A year ago today Ian Tomlinson died. He was the latest in a long line of people who have died at the hands of the police. Also on that day hundreds of people were assaulted by police using batons and shields, and thousands were denied the right to move around their city and forced into ‘kettles’, again this is part of very long history of police activity that shows that the attitude of police is not that they are their to uphold the law, but that they ARE the law, and the people are, albeit to varying degrees, outside it.
At a vigil for Ian Tomlinson the next day a video camera caught an incident in which Sgt Delroy Smellie slapped and then hit a young woman with a baton, so far he has been the only police officer to face charges, yesterday he was acquitted of assault, Judge Wickham said: “I am satisfied he honestly believed it was necessary to use force to defend himself.”. In a way the acquittal of Sgt Smellie was correct – the police as a group are taught to fear everyone in these kind of situations and to expect the worst, they are given the tools to deal with this (physical, psychological and legal) and, unsurprisingly, they use them.
The officers dealing with Ian Tomlinson were in the same mindset, they were given no room for making sensible judgements as individuals because the culture of the body they are part of had already made its mind up. At protests there’s frequently an obvious macho culture among police, a strong ethic of ‘protecting their own’ and a relish at having the opportunity to put into practice some of the training that they don’t normally get to use. I would go as far to say that for many of the police officers, protests like this are a golden opportunity to ‘crack some heads’ with impunity. The lack of action over Tomlinson’s death and the acquittal of Smellie can only reinforce this.

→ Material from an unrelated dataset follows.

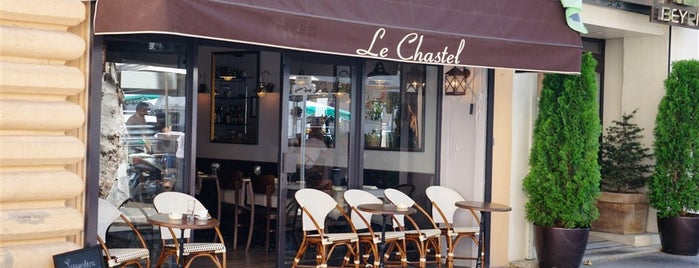 Le Chastel is one of Les adresses aixoises <3.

In reaction to the media frenzy over these incidents (and make no mistake it was a reaction to media, and NOT to the events themselves) some sections of the police decided to make a very public showing of ‘softly softly’ policing. At the Climate Camp in August they were conspicuous by their absence, and the HMIC report made many suggestions of how to ‘adapt to protest’. But nothing has really changed – the police as a body still see people, social movements and protest as a threat to be managed, rather than a democratic necessity. And individual judgement of police officers is still suppressed as part of a groupthink that divides the world into us and them.